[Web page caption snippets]

- - - -

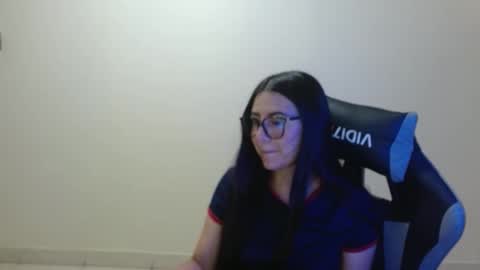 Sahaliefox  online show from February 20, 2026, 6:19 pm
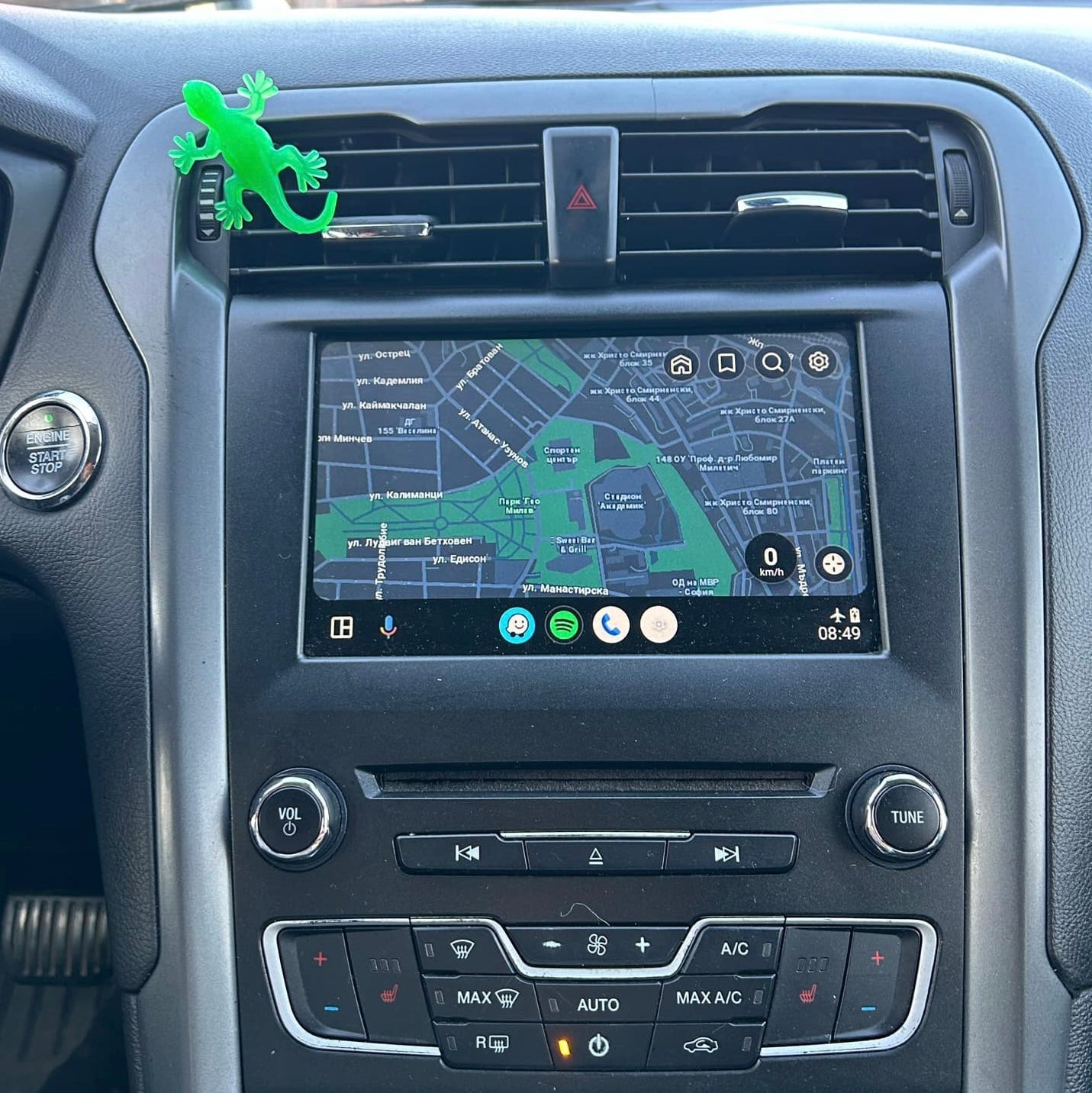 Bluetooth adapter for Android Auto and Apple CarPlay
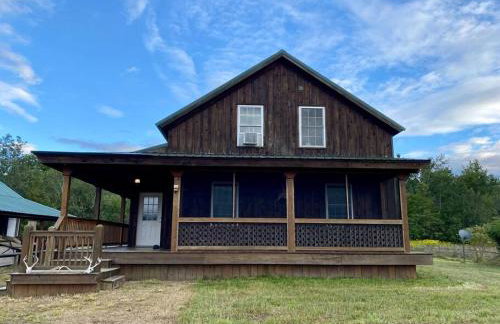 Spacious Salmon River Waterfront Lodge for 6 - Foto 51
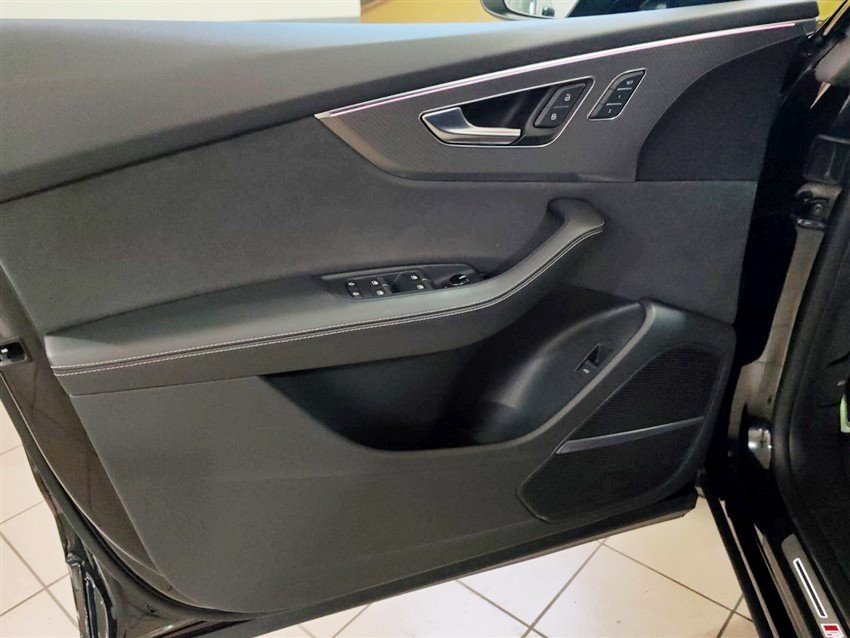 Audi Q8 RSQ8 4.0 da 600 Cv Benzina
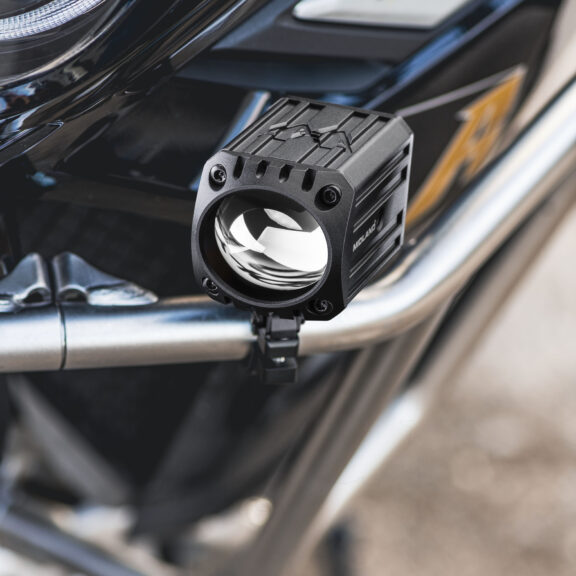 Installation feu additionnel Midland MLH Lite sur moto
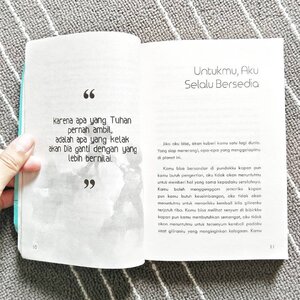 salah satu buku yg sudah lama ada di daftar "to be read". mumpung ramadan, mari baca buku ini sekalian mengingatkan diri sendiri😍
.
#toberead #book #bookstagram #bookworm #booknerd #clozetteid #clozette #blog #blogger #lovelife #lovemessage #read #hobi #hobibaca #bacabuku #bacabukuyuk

- - - -

WHAT THE TASK ASKS.
Make an exact copy of the records, pictures excluded.

YOUR SOLUTION.
 Sahaliefox  online show from February 20, 2026, 6:19 pm
 Bluetooth adapter for Android Auto and Apple CarPlay
 Spacious Salmon River Waterfront Lodge for 6 - Foto 51
 Audi Q8 RSQ8 4.0 da 600 Cv Benzina
 Installation feu additionnel Midland MLH Lite sur moto
 salah satu buku yg sudah lama ada di daftar "to be read". mumpung ramadan, mari baca buku ini sekalian mengingatkan diri sendiri😍
.
#toberead #book #bookstagram #bookworm #booknerd #clozetteid #clozette #blog #blogger #lovelife #lovemessage #read #hobi #hobibaca #bacabuku #bacabukuyuk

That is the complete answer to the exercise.